§ Assigned task
Go through the listing below and write out exactly the lines from the one that mentions "Töpferei Seifert Brottopf" through the one that mentions "Plug In Globe", minus the pictures.

§ Information provided

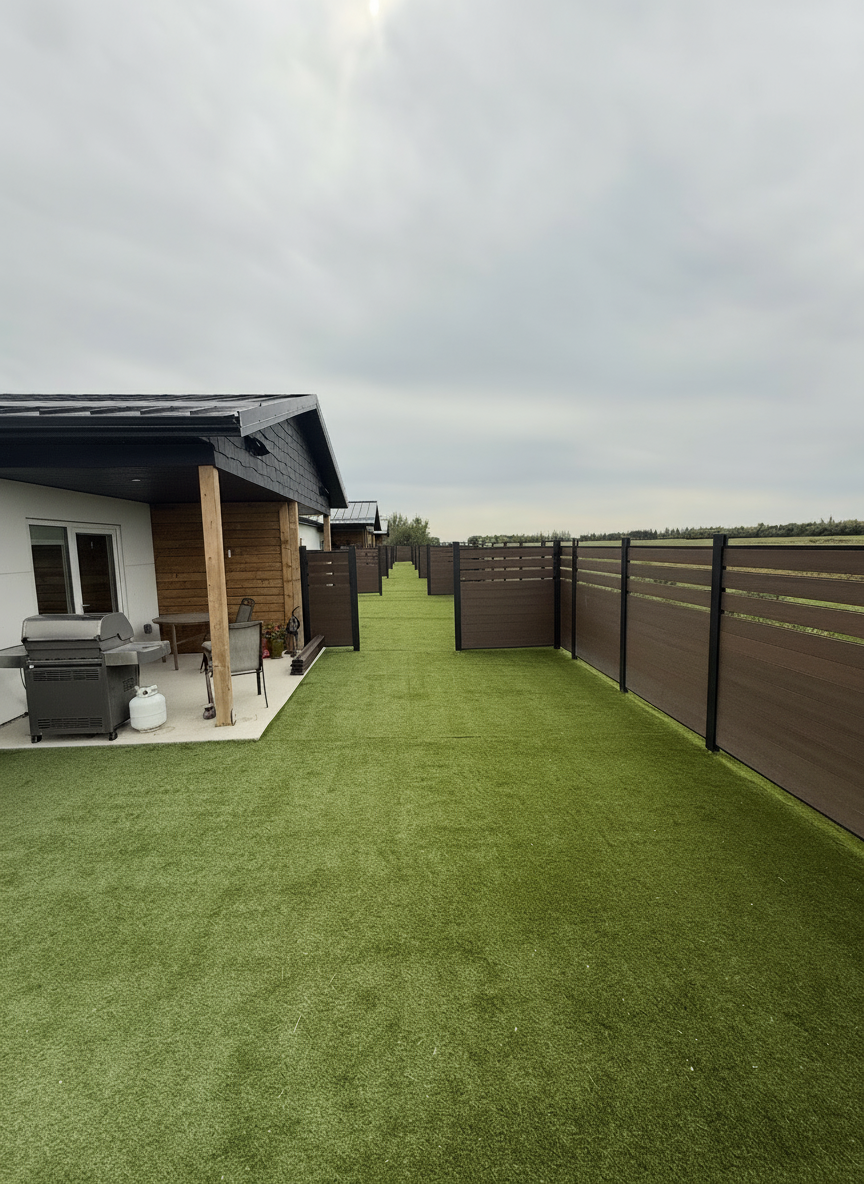 Backyard with artificial grass, fence, and part of a house with outdoor furniture and a grill under a cloudy sky.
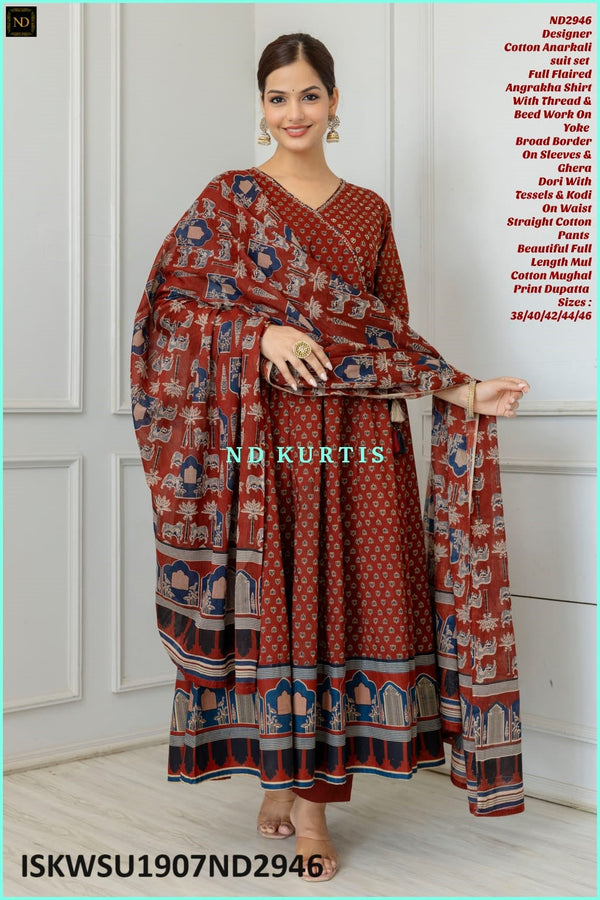 Printed Cotton Anarkali Kurti With Pant And Mughal Printed Malmal Cotton Dupatta-ISKWSU1907ND2946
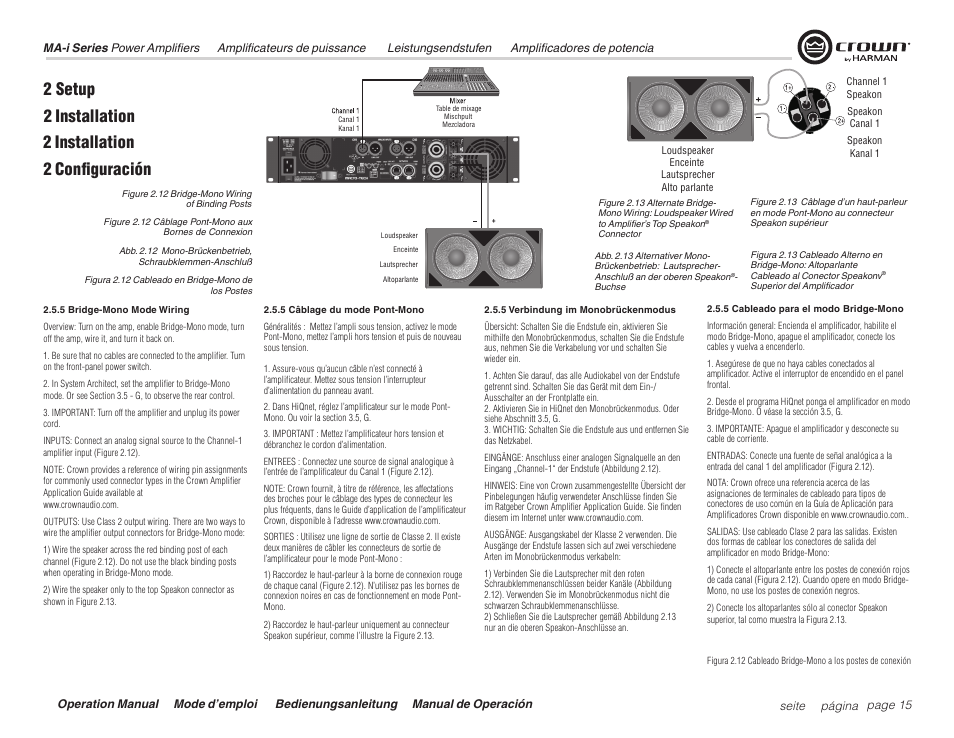 2 setup, 2 installation 2 configuración 2 installation | Crown Audio Macro Tech i Series User Manual | Page 15 / 52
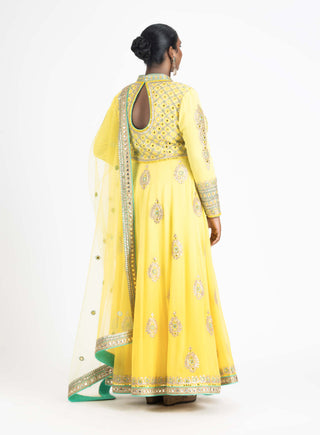 Nitika Gujral-Yellow Georgette Kalidar Jacket And Sharara Set-INDIASPOPUP.COM
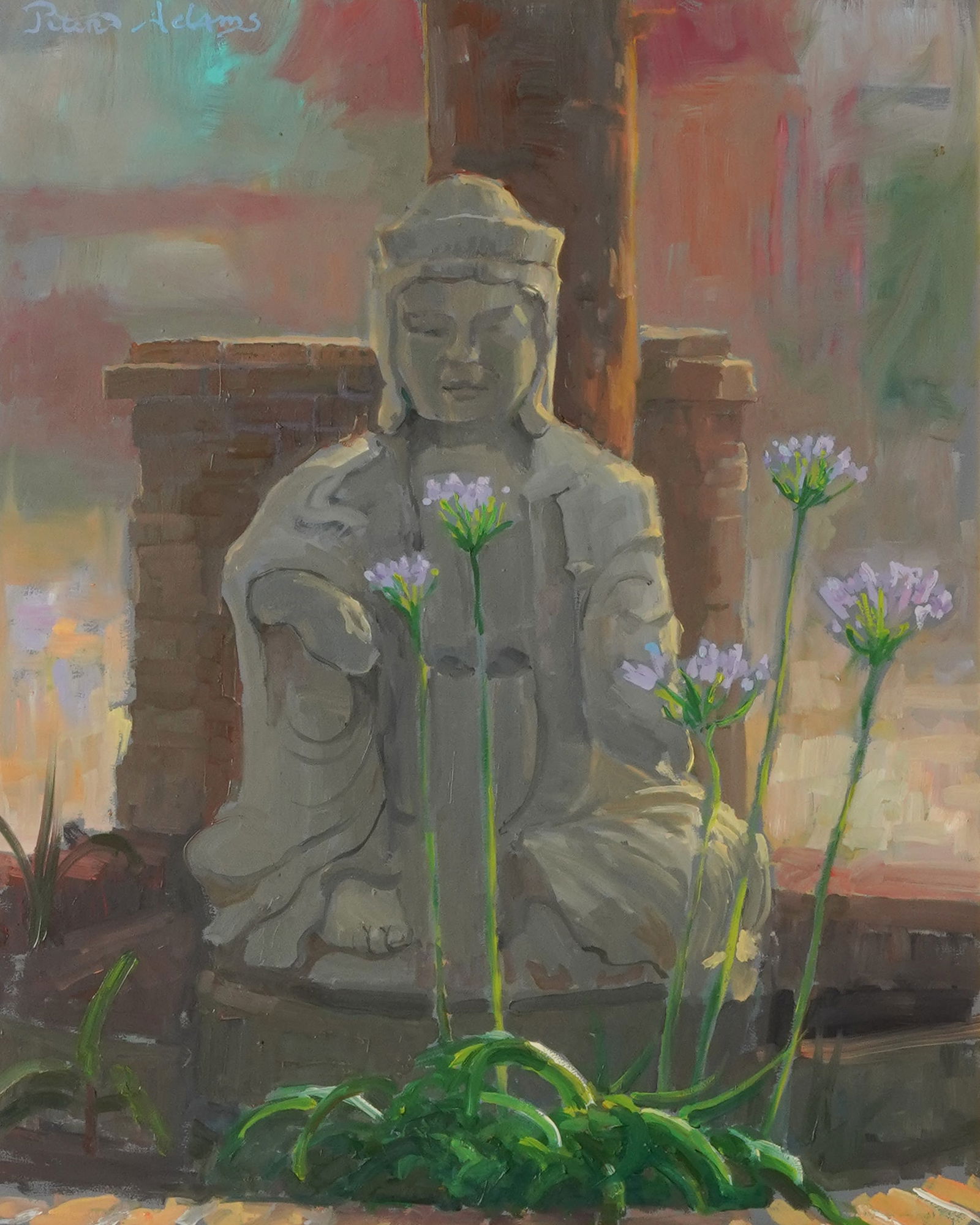 Peter Adams (b. 1950): Kwan Yin in Agapanthas: Peter Adams (B. 1950): Kwan Yin in Agapanthus oil on board; signed upper left; titled to paper label on verso 20 x 16 in. (50.8 x 40.6 cm.), Frame: 29 x 24 3/4 in. (73.7 x 62.9 cm.) Provenance: Proper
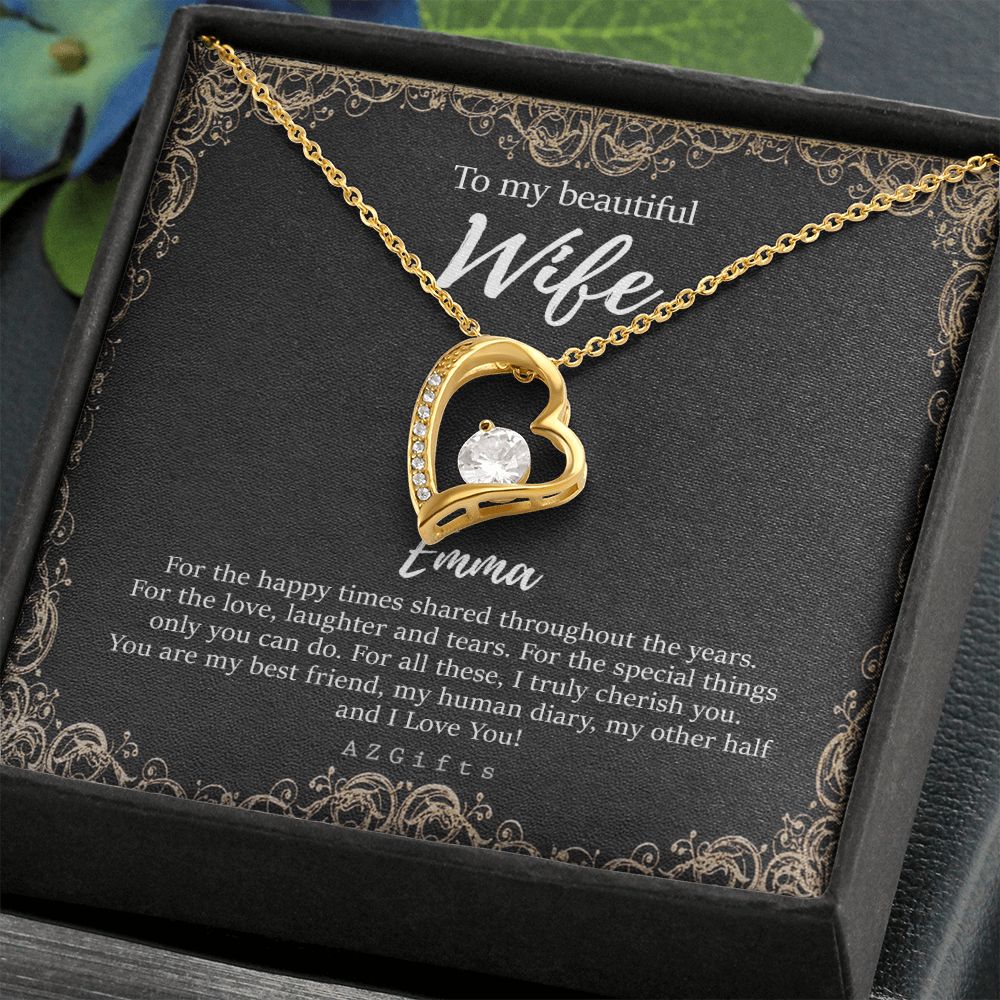 To My Wife Necklace from Husband, Personalized Necklace for Women, Luxury Necklace for Wife from Man Men, Wedding Anniversary Present For Wife, Beautiful Wife Jewelry Christmas Birthday Gifts For Wife9 Forever Love Necklace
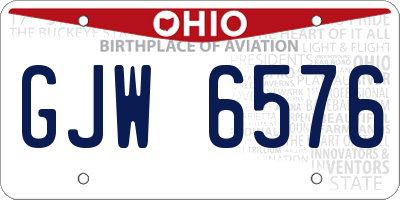 OH license plate GJW6576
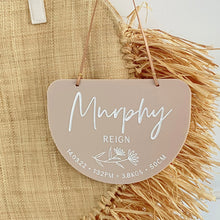 Load image into Gallery viewer, Personalised Birth Details Bedroom Hanging Plaque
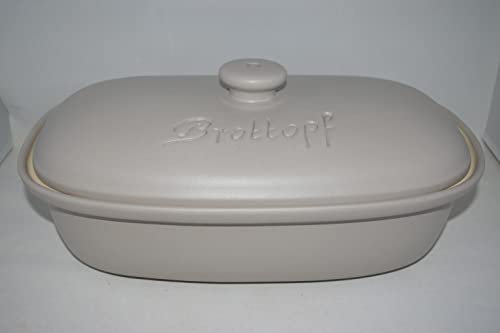 Töpferei Seifert Brottopf Persa grau Gross 40 cm | Brotkasten | Brotbox | Brotdose | Brotbehälter | Steinzeug | LxB 41x25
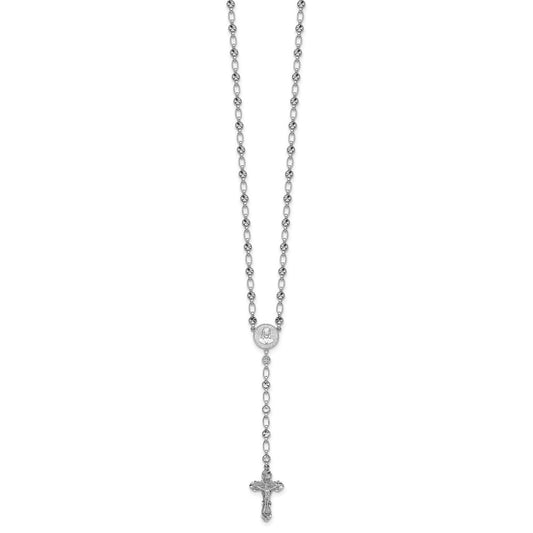 Sterling Silver Rhodium-plated Polished CZ and Diamond-cut Circles 25.5 inch Rosary Necklace QH5879-25.5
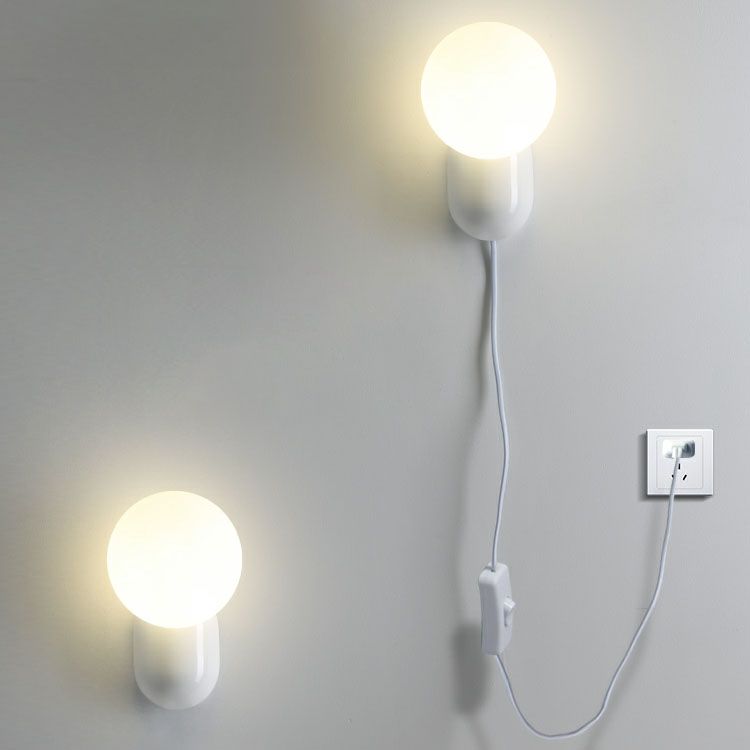 Plug In Globe Wall Light for Bedroom | Bedside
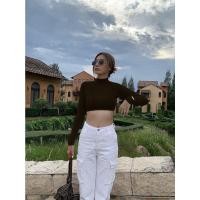 ราคา MesubShop เสื้อคอเต่า ครอปแขนยาว CROPTOP เสื้อคอเต่าแขนยาว ผ้าเรยอน ครอปคอเต่า ยาว14 เสื้อเรยอน เสื้อครอป 199 (14358565986)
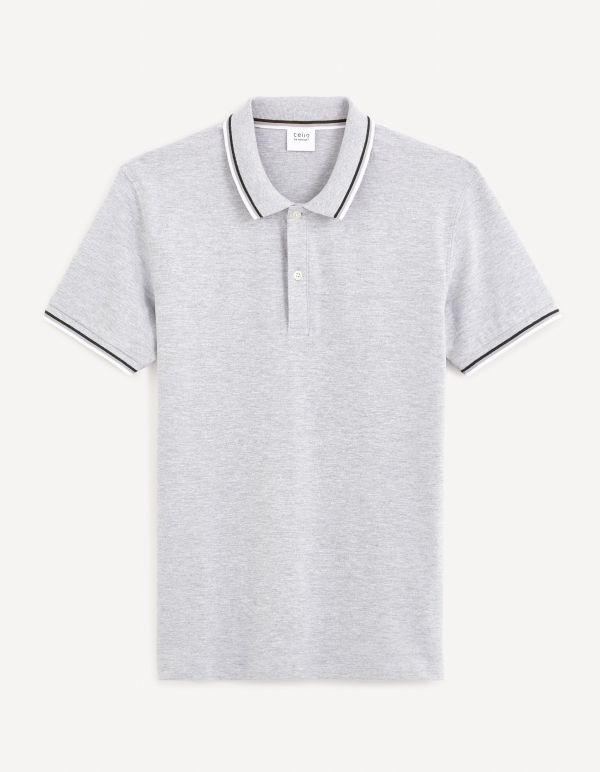 Polo piqué slim en coton stretch - gris chiné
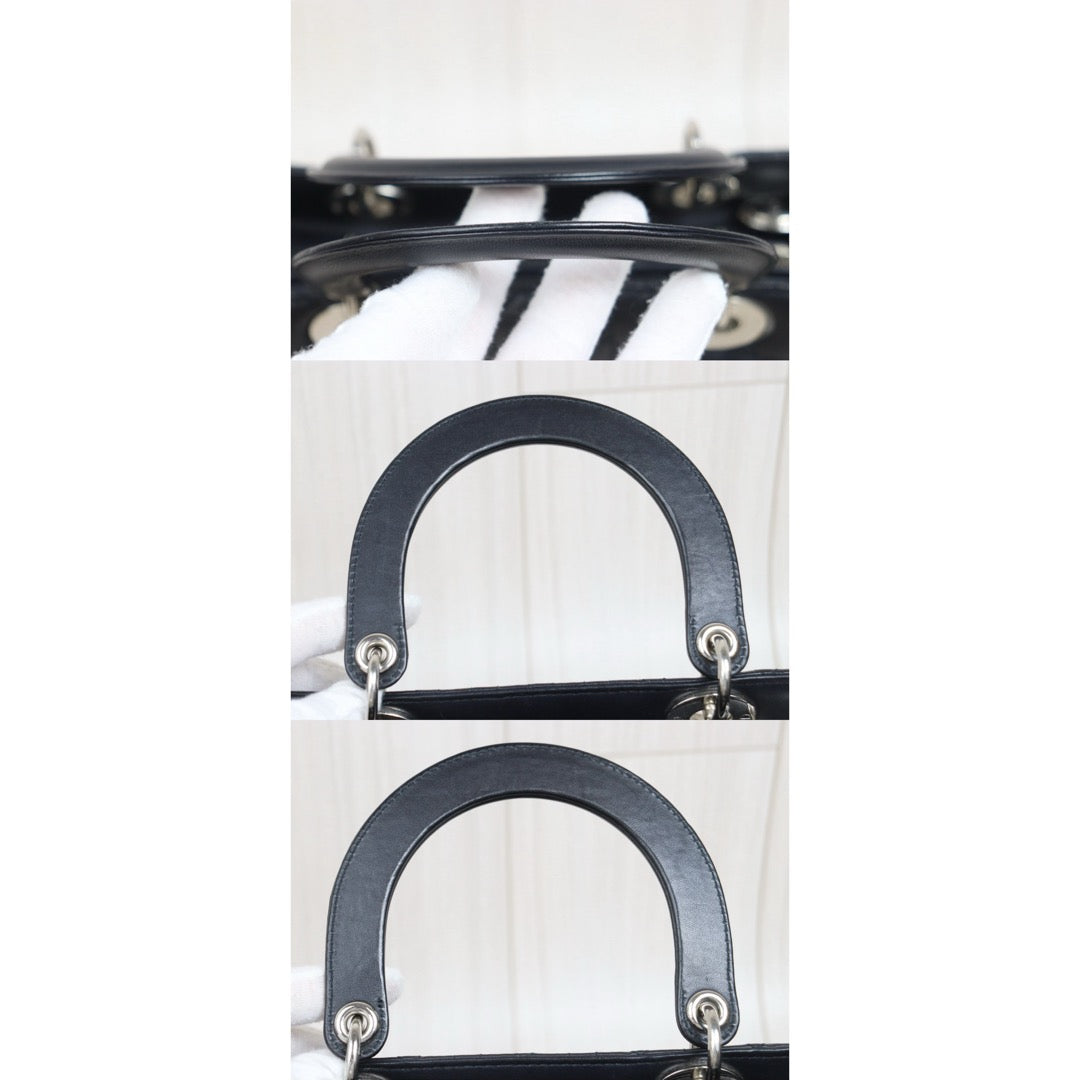 Include Entrupy Certificate of Authenticity｜Very Good ( Rank A) ｜  Dior Lady Dior Lamb Skin 2WAY Handbag Shoulder Bag Navy Blue ( Nearly Black ) ｜S26030909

§ Response
 Töpferei Seifert Brottopf Persa grau Gross 40 cm | Brotkasten | Brotbox | Brotdose | Brotbehälter | Steinzeug | LxB 41x25
 Sterling Silver Rhodium-plated Polished CZ and Diamond-cut Circles 25.5 inch Rosary Necklace QH5879-25.5
 Plug In Globe Wall Light for Bedroom | Bedside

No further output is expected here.